Task description | The lines below from the one with "Buy Shop Michael" up to and including the one with "Bangle Mode Licht" are what you should set down, exactly and without pictures.

Excerpted data |

# # #

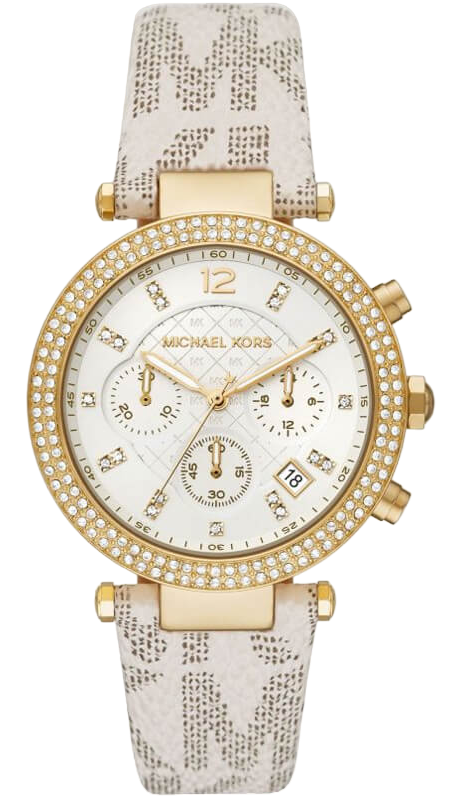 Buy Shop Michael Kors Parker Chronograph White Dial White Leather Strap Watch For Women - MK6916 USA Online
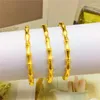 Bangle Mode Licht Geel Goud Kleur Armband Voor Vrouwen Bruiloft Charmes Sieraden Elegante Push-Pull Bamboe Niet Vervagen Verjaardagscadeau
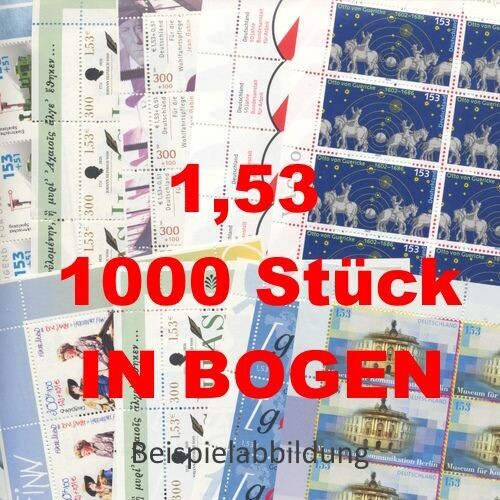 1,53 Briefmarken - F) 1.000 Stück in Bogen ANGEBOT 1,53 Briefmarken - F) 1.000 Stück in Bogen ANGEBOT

# # #

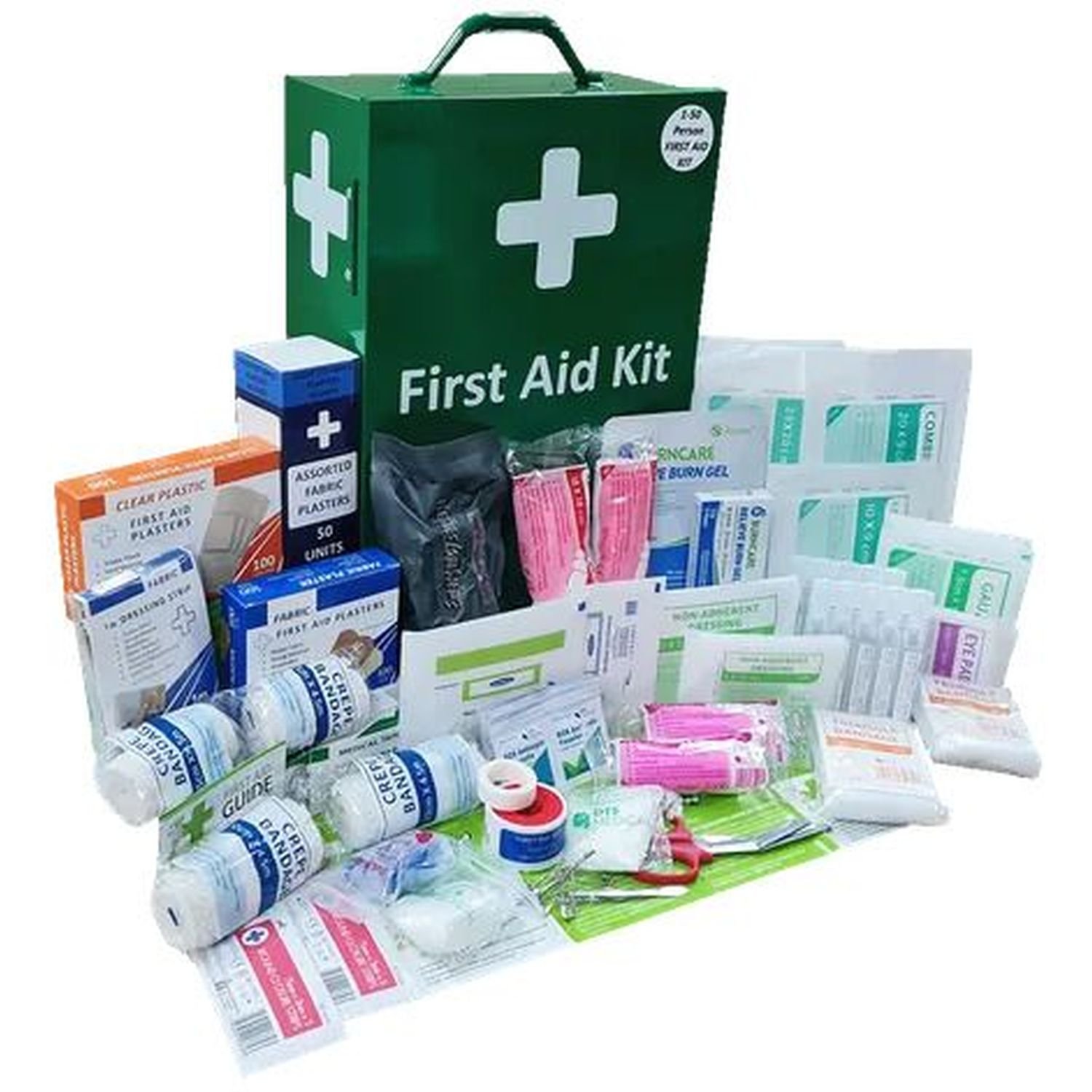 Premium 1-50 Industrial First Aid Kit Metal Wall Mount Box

# # #

Exercise solution |
 Buy Shop Michael Kors Parker Chronograph White Dial White Leather Strap Watch For Women - MK6916 USA Online
 Bangle Mode Licht Geel Goud Kleur Armband Voor Vrouwen Bruiloft Charmes Sieraden Elegante Push-Pull Bamboe Niet Vervagen Verjaardagscadeau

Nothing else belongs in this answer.